Barbara Ransby, author of Making All Black Lives Matter: Reimagining Freedom in the Twenty-First Century
Barbara Smith, author of Home Girls: A Black Feminist Anthology
Keeanga-Yamahtta Taylor, editor of How We Get Free: Black Feminism and the Combahee River Collective
April 4 - Black Women's Internationalism
Why are Black women invisible in the story of peace and internationalism? The time is ripe to tell the stories of Black women who forged global networks, saw the Black Freedom struggle in an international dimension, and took leadership in the peace movement and anti-colonial movements. Join us to hear about the work of Amina Baraka, Charlotta Bass, Amy Ashwood Garvey, Amy Jacques Garvey, Queen Mother Moore, Mittie Maude Lena Gordon, and many others.
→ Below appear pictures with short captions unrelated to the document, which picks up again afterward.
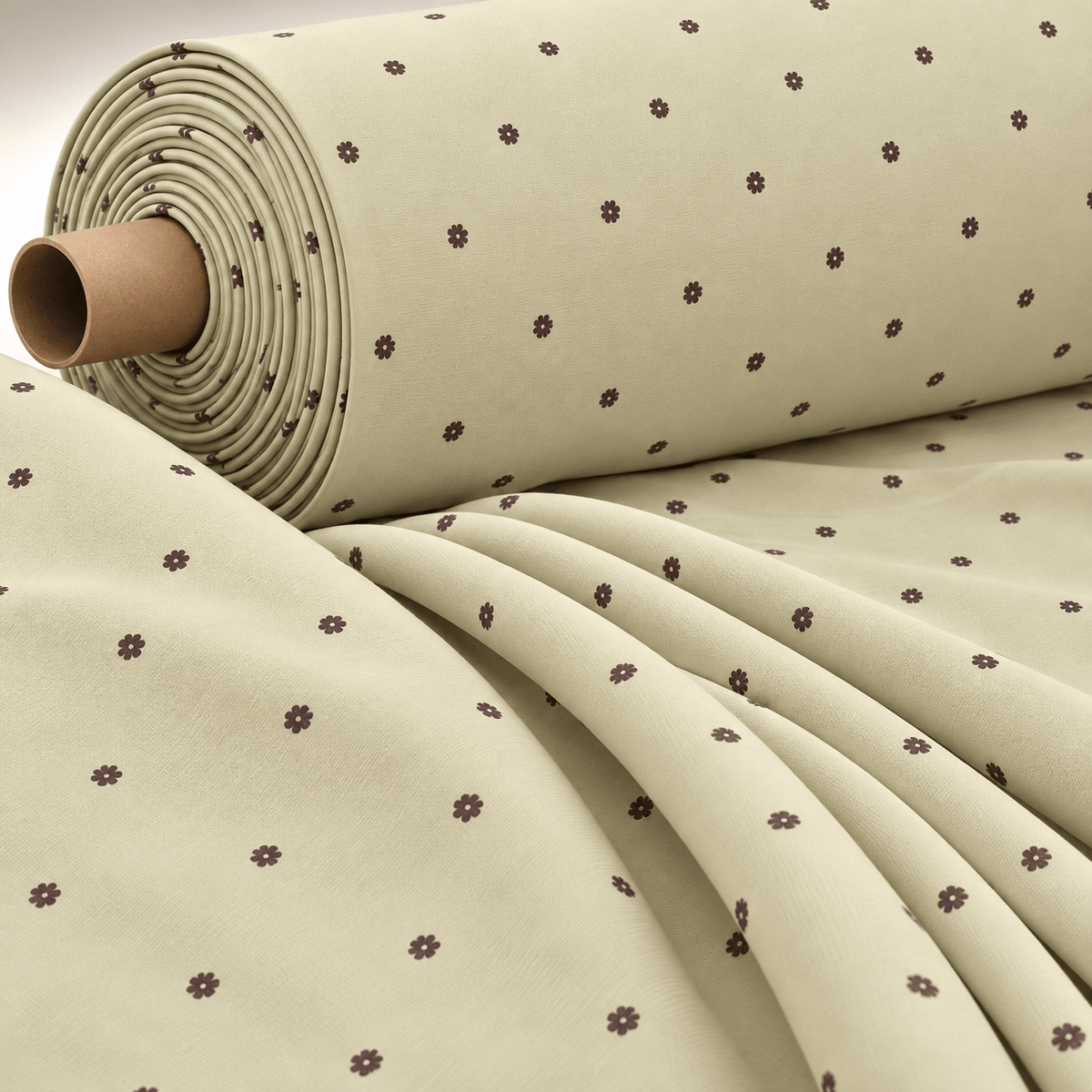 Minimal Yellow with Small Brown Floral Fabric by Metre - Whotex Fabrics London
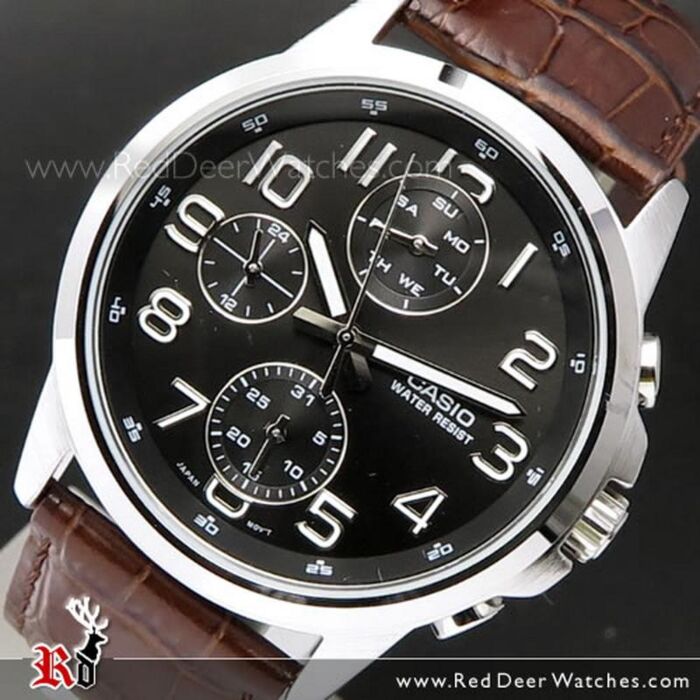 Casio Analog Day Date Geniune Leather Mens Watch MTP E307L 1A MTPE307L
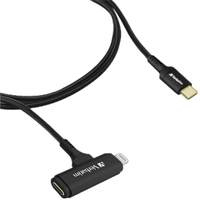 Verbatim威宝USB-C & Lightning 2合1充电高速传输数据线 (MFi 认证 120cm) 黑色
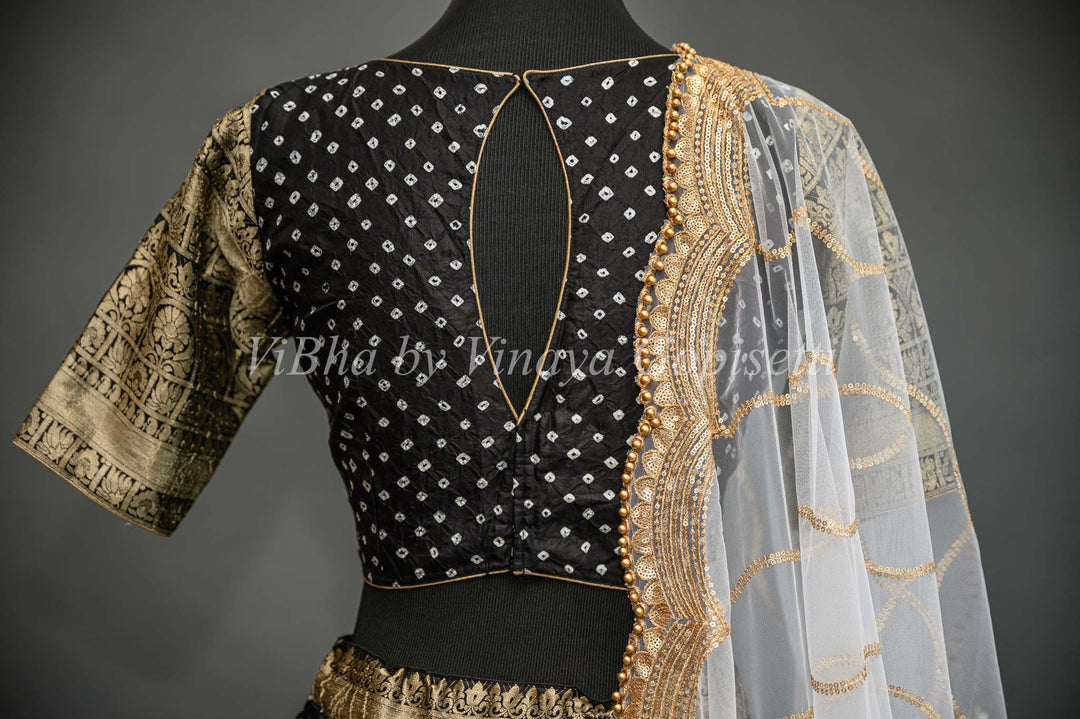 Black and Ivory Kanchi Bandhani Silk Lehenga And White Embroidered Dupatta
Keisha Blain, author of Set the World on Fire: Black Nationalist Women and the Global Struggle for Freedom
Ashley Farmer, author of Remaking Black Power: How Black Women Transformed an Era
John Portlock, author of "Charlotta Bass and the California Eagle" (in The Strange Careers of the Jim Crow North: Segregation and Struggle Outside of the South)
May 2 - The Struggle Against Police Brutality, Mass Incarceration, and Educational Discrimination in the Jim Crow North
Asked to name the heroes of New York's civil rights movement, most New Yorkers would be hardpressed. And yet institutional segregation and systemic inequality defined the city in housing, schools, and policing so activists like Mae Mallory and Ella Baker and organizations from the NAACP, to the Nation of Islam, to the Communist Party built movements to address these inequalities. Join us as we examine the history of the Jim Crow North and the long struggle to right the injustices of the criminal justice and educational systems.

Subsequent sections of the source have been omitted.